Collected data
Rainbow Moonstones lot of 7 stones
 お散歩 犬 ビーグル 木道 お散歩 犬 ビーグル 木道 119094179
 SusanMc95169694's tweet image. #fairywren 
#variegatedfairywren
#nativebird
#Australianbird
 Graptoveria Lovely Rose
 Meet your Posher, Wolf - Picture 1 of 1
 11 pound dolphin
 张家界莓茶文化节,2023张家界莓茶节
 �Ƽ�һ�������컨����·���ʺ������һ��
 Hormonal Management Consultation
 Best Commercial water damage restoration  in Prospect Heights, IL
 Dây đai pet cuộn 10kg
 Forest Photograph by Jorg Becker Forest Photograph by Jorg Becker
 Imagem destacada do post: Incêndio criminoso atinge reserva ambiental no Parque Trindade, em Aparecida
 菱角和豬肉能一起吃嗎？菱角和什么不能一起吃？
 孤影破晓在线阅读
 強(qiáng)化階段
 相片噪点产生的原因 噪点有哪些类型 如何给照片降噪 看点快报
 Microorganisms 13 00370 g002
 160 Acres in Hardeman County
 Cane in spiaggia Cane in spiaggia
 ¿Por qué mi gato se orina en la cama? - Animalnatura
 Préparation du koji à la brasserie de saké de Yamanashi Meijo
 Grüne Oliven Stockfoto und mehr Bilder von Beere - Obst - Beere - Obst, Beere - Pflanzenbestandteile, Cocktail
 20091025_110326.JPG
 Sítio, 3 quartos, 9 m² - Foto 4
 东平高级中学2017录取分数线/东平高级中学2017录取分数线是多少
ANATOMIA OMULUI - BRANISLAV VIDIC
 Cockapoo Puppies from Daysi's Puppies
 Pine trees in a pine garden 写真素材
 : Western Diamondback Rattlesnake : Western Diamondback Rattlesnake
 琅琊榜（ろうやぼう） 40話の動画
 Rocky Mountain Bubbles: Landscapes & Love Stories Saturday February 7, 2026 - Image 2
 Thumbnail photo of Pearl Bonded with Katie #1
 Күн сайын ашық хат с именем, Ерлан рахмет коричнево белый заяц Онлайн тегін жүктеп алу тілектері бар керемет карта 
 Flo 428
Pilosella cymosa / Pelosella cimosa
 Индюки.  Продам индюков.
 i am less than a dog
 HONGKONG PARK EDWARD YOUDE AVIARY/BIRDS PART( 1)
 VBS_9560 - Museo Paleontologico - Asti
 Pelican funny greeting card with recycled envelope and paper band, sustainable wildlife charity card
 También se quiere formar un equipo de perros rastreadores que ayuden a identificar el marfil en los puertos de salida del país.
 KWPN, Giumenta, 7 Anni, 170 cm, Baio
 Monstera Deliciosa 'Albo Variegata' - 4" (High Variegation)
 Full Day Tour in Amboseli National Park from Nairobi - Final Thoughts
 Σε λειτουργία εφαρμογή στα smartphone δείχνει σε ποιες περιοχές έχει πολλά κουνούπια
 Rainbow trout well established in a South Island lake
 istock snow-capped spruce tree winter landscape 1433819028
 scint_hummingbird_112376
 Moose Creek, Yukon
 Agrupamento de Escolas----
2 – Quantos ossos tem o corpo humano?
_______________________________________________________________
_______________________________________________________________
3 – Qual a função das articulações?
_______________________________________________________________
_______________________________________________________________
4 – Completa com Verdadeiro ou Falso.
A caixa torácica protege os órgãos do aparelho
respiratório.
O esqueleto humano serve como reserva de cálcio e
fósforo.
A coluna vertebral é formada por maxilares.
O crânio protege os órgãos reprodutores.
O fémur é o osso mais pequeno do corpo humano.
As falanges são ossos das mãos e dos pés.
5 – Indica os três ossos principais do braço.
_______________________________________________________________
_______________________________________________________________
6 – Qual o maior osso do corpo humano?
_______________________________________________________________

■ **Exercise requirements**
Across the data, find each line that has "Rainbow" in it and copy that line.

■ **Exercise result**
Rainbow Moonstones lot of 7 stones
 Rainbow trout well established in a South Island lake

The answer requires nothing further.